I remember 1967. That was the year I asked Diane Knutson to my first high school dance. Vietnam was kicking into high gear that year and the Miracle Mets were still two seasons away from finding a miracle. Man had yet to walk on the moon, and you could buy a nice house with a white picket fence for $15,000 and a firm handshake.

``In the Heat of the Night'' won the Academy Award for best picture, Jim Ryun set a new world record in the mile run (3 minutes, 51.1 seconds), and the Green Bay Packers beat the Kansas City Chiefs, 35-10, in the first Super Bowl.
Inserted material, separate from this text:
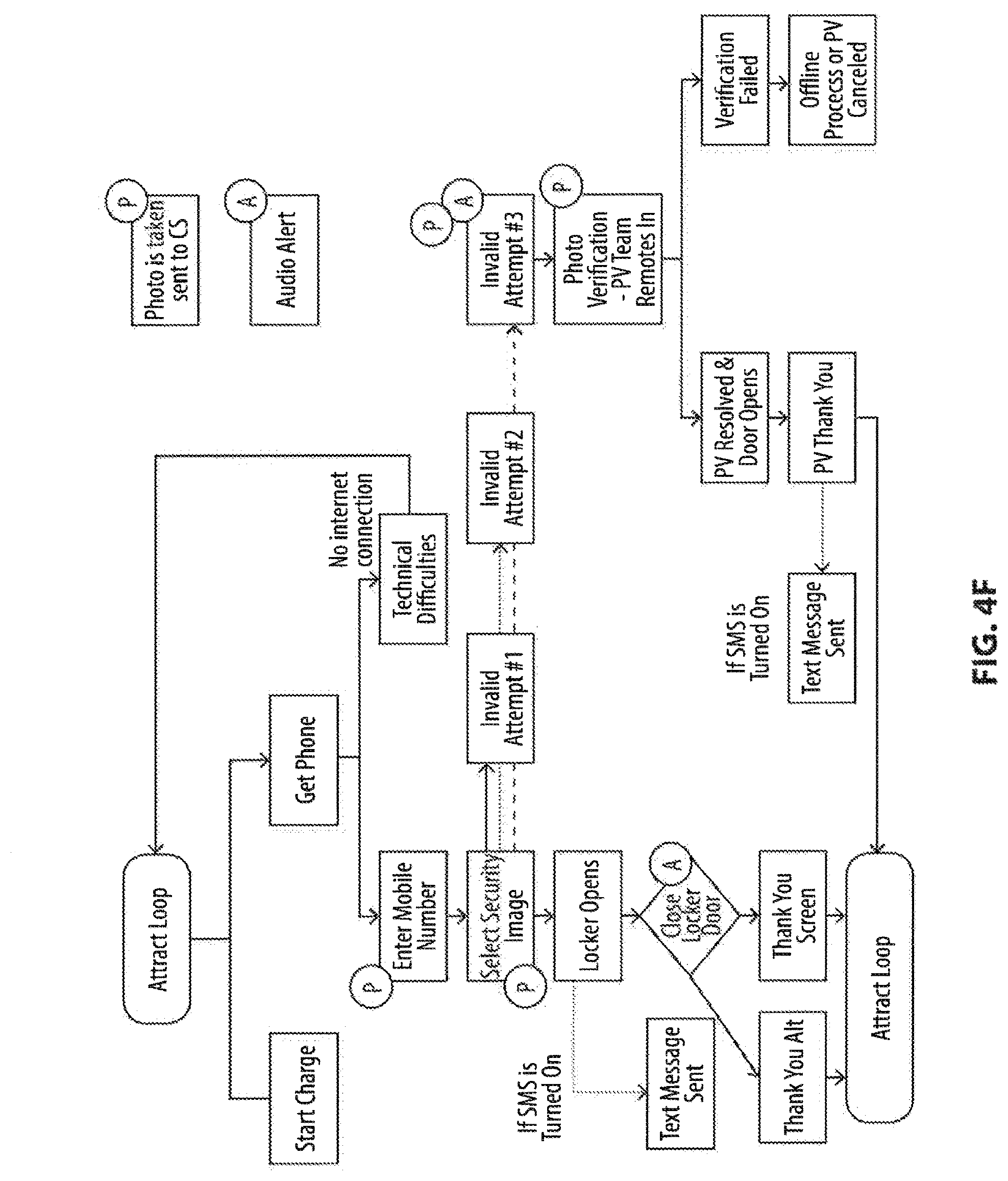 Patent US12322986 Figure 9 – System and method for providing interconnected and secure mobile device charging stations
Gary Beban won the Heisman Trophy that year, Johnny Unitas was voted the NFL's most valuable player, and Roberto Duran, a little 15-year-old bantamweight out of Panama City, broke into the grown-up world of prize fighting with a four-round win over Carlos Mendoza on March 8.

Seven presidents, 32 World Series, (remember the strike), 34 Super Bowls, 100,000 right hands and 34 years later, 50-year-old Roberto Duran isn't so little any more, and he's still fighting, though maybe only Duran himself can tell you why.

Maybe Duran thinks prize fighting is like selling insurance or working at the post office. You do it until someone forces you into retirement, until the boss pulls you aside one afternoon and tells you to quit coming to work, that it's time to retire.

Roberto. Quit going to work. It's time to retire. Fighting isn't like sorting mail or explaining term life to newlyweds. The consequences of a bad day are a little more severe. And in the fight game, your skills begin to diminish about the time you have to start shaving every day. At 40, you're half the fighter you were at 20. At 50, the only reason you should be climbing into the ring is to shake someone's hand, wave to the crowd or tell someone else how to fight.

It's like this. I'd like to meet Sandy Koufax, but I'd rather talk to him about pitching than watch him try to do it.

Duran's 34-year career continues next month when he fights another dinosaur - 39-year-old Hector Camacho - on July 14 in Denver at the Pepsi Center.

You've got to hand it to these two. They want to keep playing until it's too dark to see the ball, until mom turns on the porch light and tells them it's time to come in.

They're like your Uncle Fred who stops by to visit and stays. He was great to have around for awhile, the funniest guy on the block, but the same jokes are growing old and now you wish he'd just go home.

How do you tell a man who doesn't know any other way of life that his services are no longer needed? How do you tell him his skills have slipped and all he's doing now is making everyone forget how beautiful his work was 25 years ago?

Maybe you don't. Maybe you just smile and let the man go on with his life, let him earn a buck any legal way he can, hope he doesn't hurt himself.

But eventually, people are going to realize they're watching a shadow of what used to be, and that won't be enough. Eventually, commissions are going to quit okaying 50-year-old fighters, and then it will be over. That's the boss pulling you aside and telling you to go home.

I don't know whether to laugh at Duran's fight with Camacho or shake my head, whether to think of it as high comedy or tragicomedy. These are two of the biggest names in boxing in the past 20 years, two of the sport's greatest fighters, but they just won't let go of the tail, won't turn the tiger loose, even though it quit growling a long time ago.